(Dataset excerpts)

--------------------------------

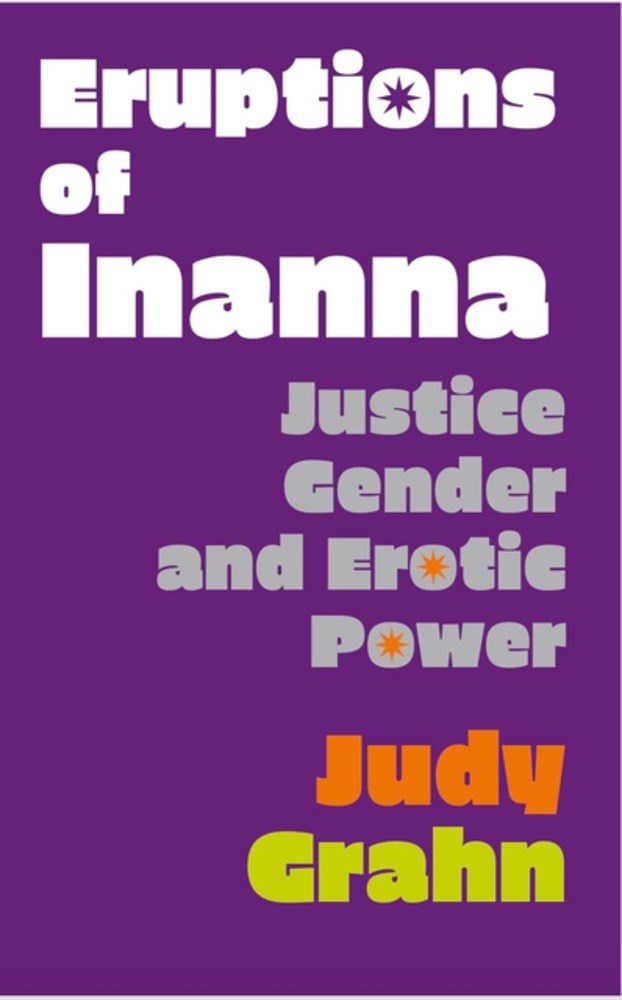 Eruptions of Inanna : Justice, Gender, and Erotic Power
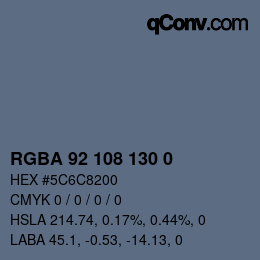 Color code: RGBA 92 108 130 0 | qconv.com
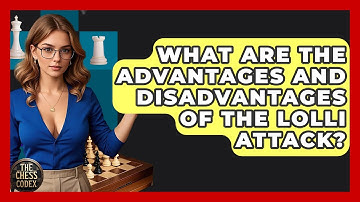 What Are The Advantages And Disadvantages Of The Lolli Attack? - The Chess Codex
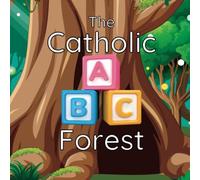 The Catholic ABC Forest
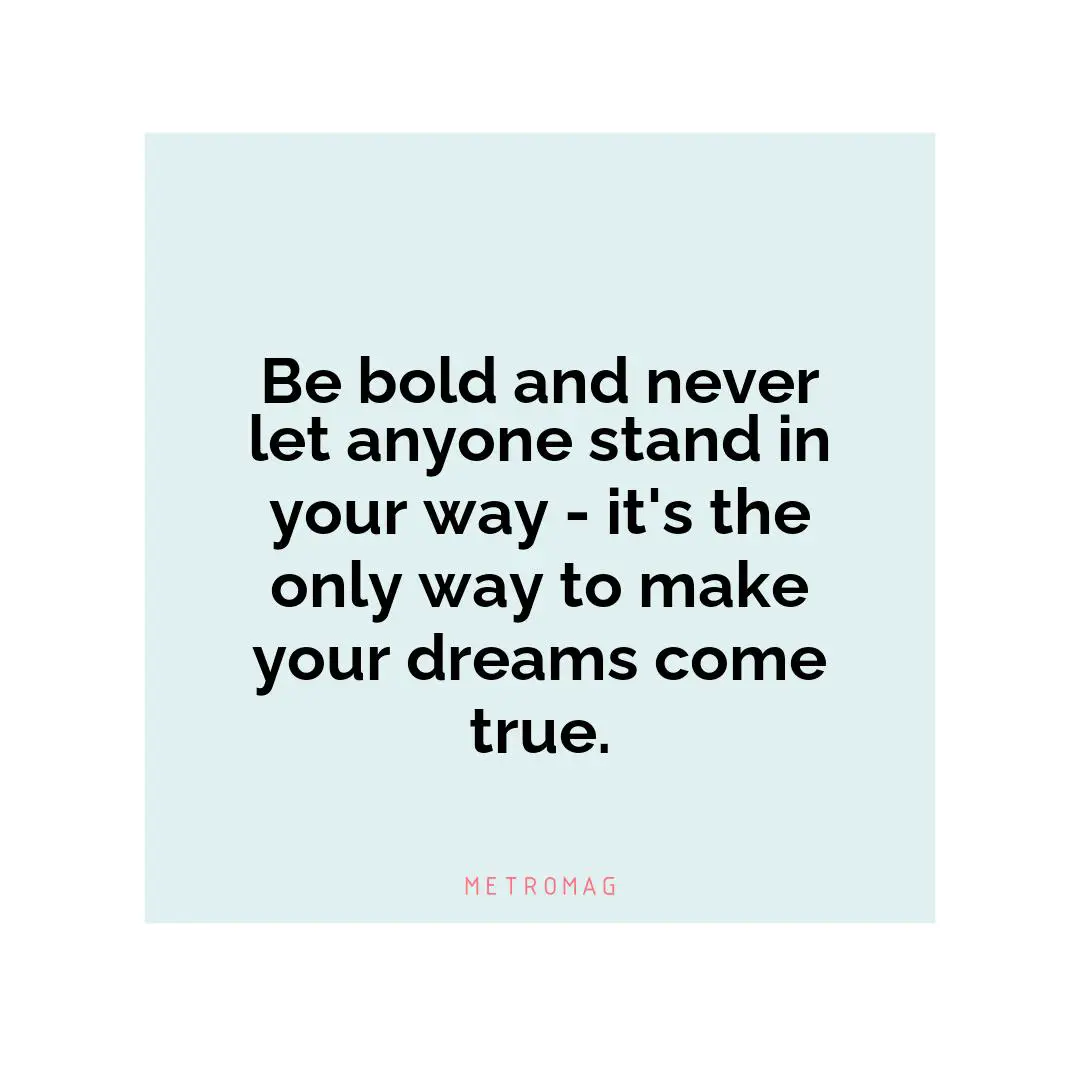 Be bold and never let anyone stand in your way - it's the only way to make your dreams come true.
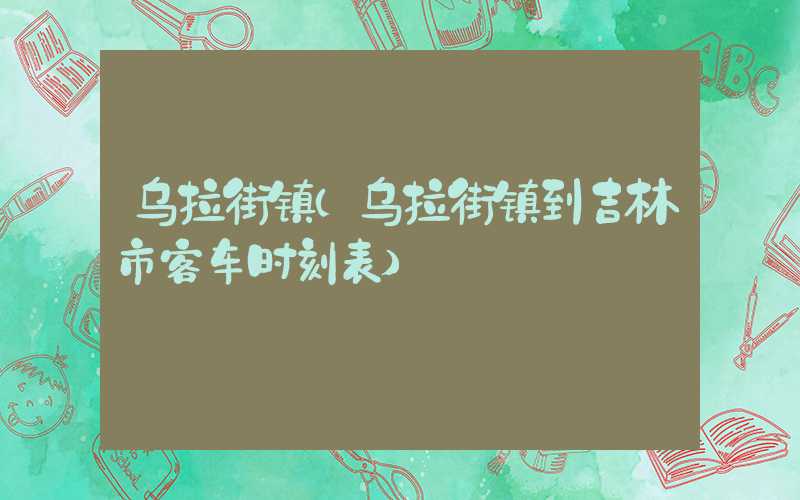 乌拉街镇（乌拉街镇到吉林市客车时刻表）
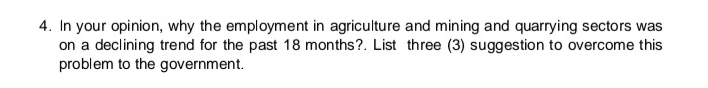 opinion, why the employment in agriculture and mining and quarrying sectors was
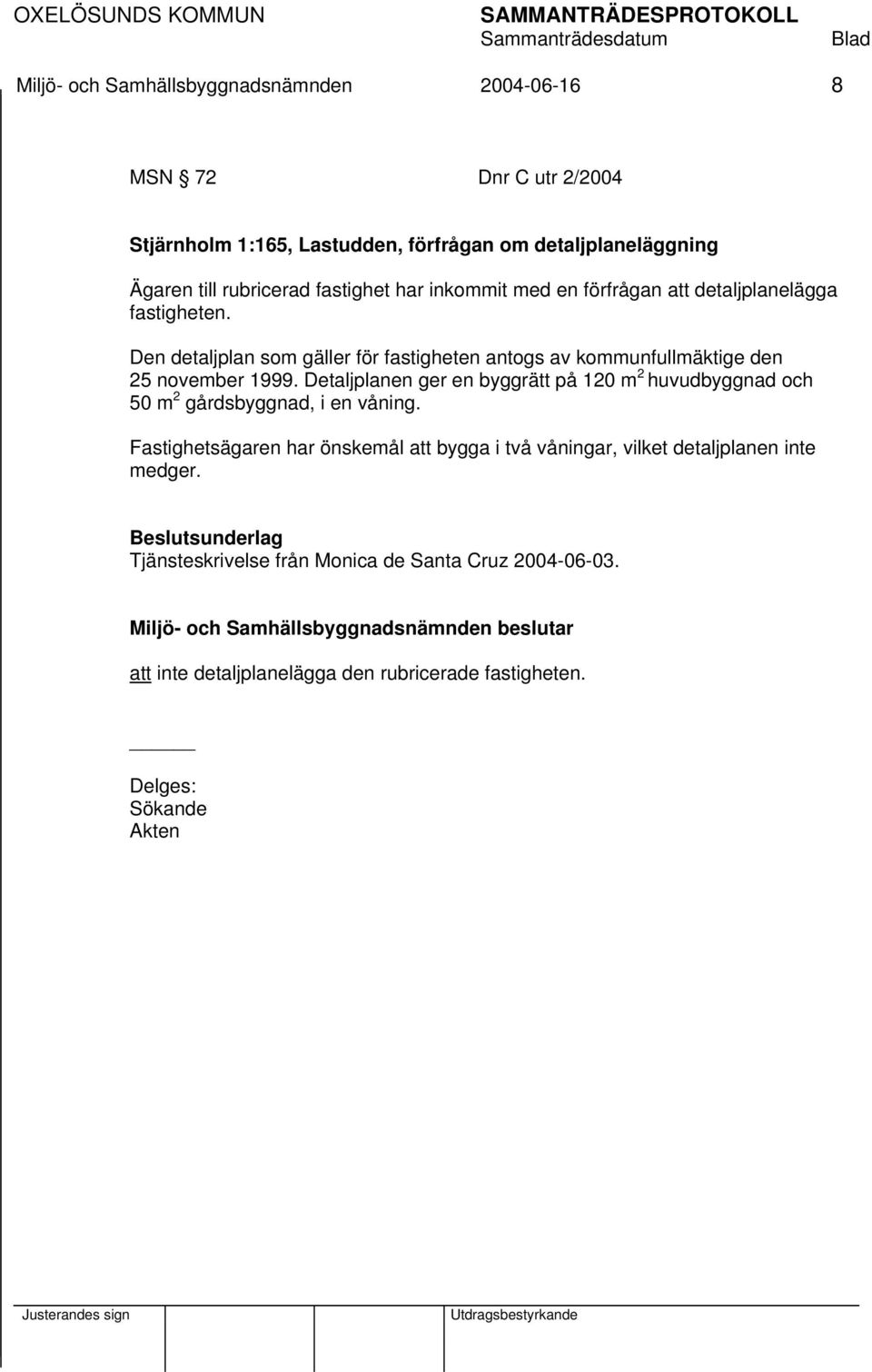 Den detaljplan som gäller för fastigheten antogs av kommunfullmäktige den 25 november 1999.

--------------------------------

PROBLEM REQUIREMENTS: In the entries above, find the line containing "What Are The", then please retype it and every line after it through the last, exactly as written, omitting pictures.

RESULT FOR THIS EXERCISE:
 What Are The Advantages And Disadvantages Of The Lolli Attack? - The Chess Codex
 The Catholic ABC Forest
 Be bold and never let anyone stand in your way - it's the only way to make your dreams come true.
 乌拉街镇（乌拉街镇到吉林市客车时刻表）
 opinion, why the employment in agriculture and mining and quarrying sectors was
 Den detaljplan som gäller för fastigheten antogs av kommunfullmäktige den 25 november 1999.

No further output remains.